Pouvez-vous nous parler du café Brunet en quelques mots… 

En 2008, nous avons ouvert notre 3e affaire, le Café Brunet. Le nom existait déjà, il s’agissait du café sur la place du village d’Annecy-le-Vieux, non loin du Clos des Sens. Installé dans une maison de pays du xviiie siècle, ce restaurant sert une cuisine conviviale, généreuse.

« Plat signature », que penser de cette expression ? 

Avant de décrocher la 3ème étoile, je créais des plats très forts visuellement, ils étaient souvent dans la démonstration et devenaient ces fameux plats signatures. Comme ma tartiflette déstructurée ou notre dessert qu’on appelait bataille de boules de neige. L’effet visuel était garanti et quelque part, il primait sur le gustatif. J’ai alors pris un tournant très fort en décidant d’arrêter ces plats pour m’orienter vers des créations axées sur le goût, comme notre fameuse envolée de champignons devenue un plat iconique de la carte. Cette expression de « plat signature » peut devenir piégeuse car elle risque de nous enfermer dans un systématisme.

L’année 2000 est marquante pour Martine et vous, car elle marque l’arrivée de votre première étoile au Guide Michelin. Les étoiles étaient le rêve de votre vie ? 

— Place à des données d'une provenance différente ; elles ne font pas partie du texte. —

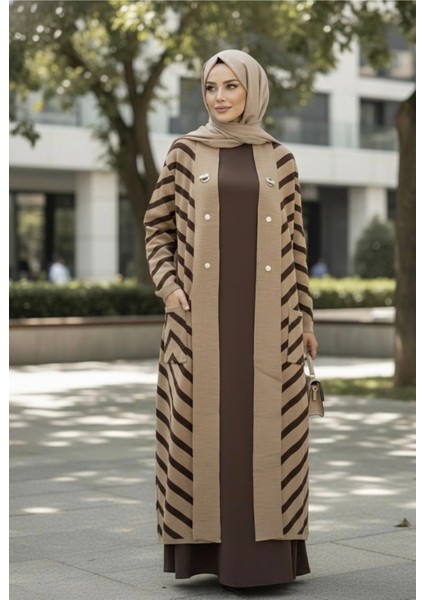 Kadın Tesettür Düğme Detaylı Uzun Çizgili Hırka Taba Standart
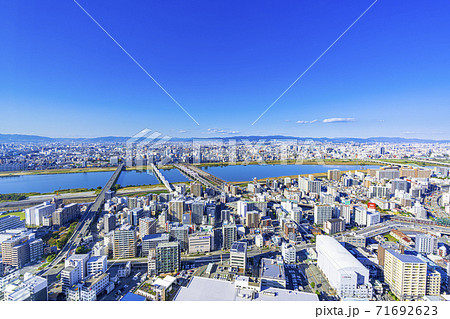 大阪　キタ　都市景観　 71692623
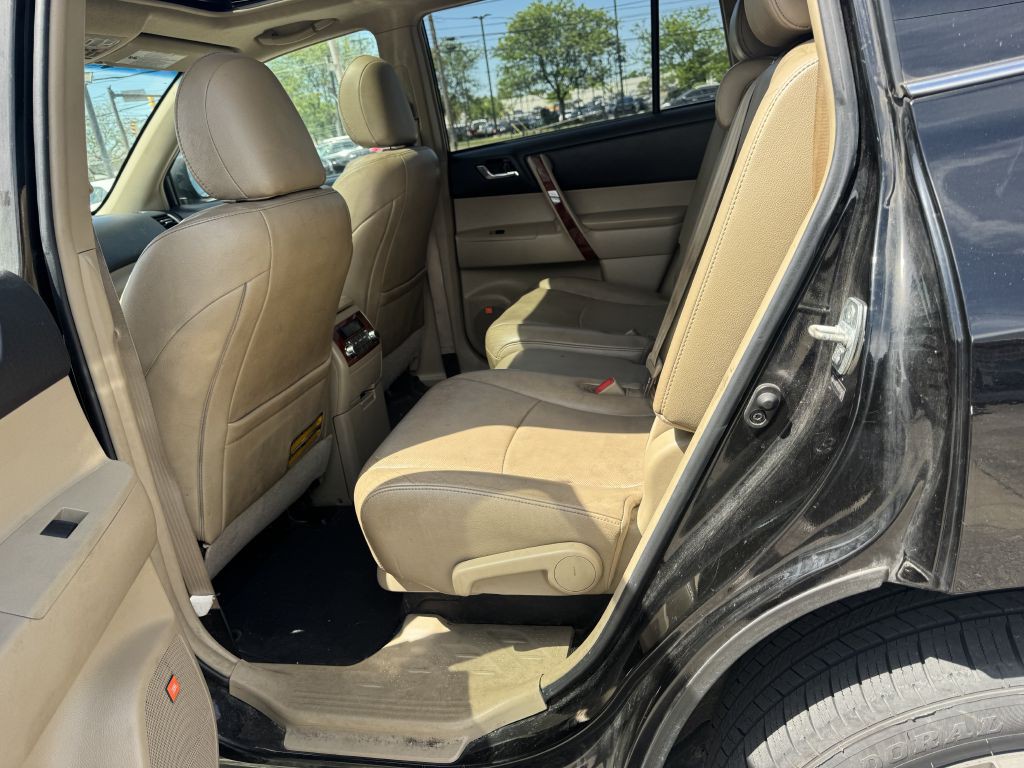 2013 Toyota Highlander Image 14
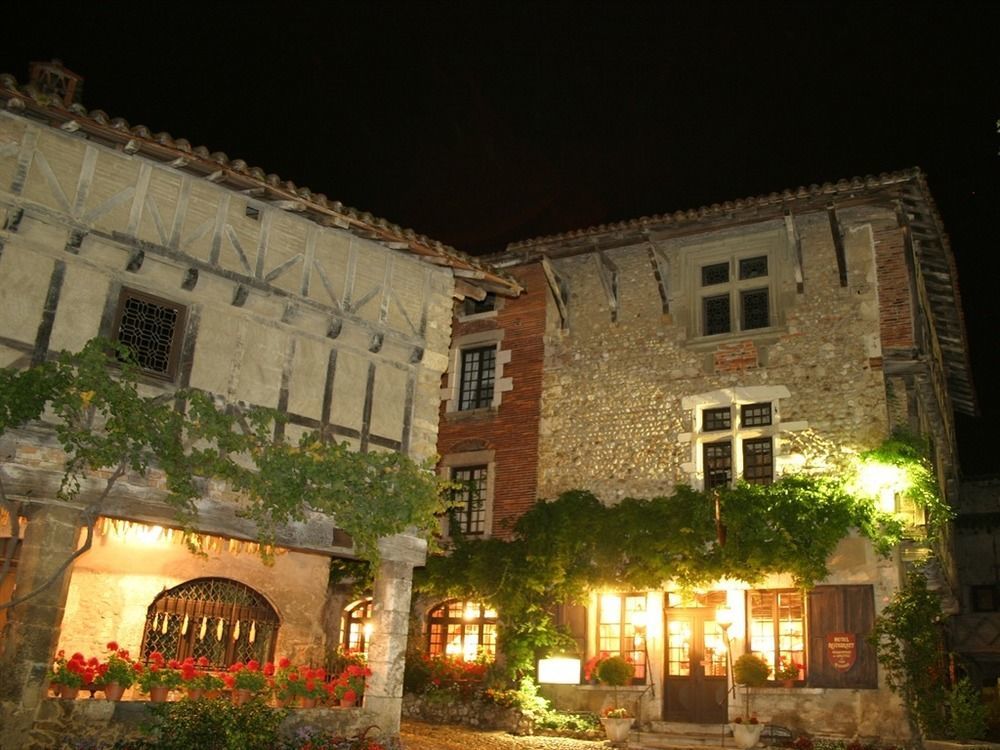 Hostellerie Du Vieux Perouges Exterior photo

Cette première étoile fut probablement la plus belle, car elle était une revanche sur la vie, elle me prouvait que j’étais un cuisinier respectable. Depuis toujours, je rêvais de cette étoile. La 2e m’a fait rentrer dans la cour de chefs que j’admirais tant quand j’étais enfant. Une expérience incroyable. Quant à la 3e, nous avons pleuré comme des gosses avec Martine. Cette étoile représente vraiment l’alchimie de nous deux, l’alliance de sa pugnacité et de mon côté « peur de rien ».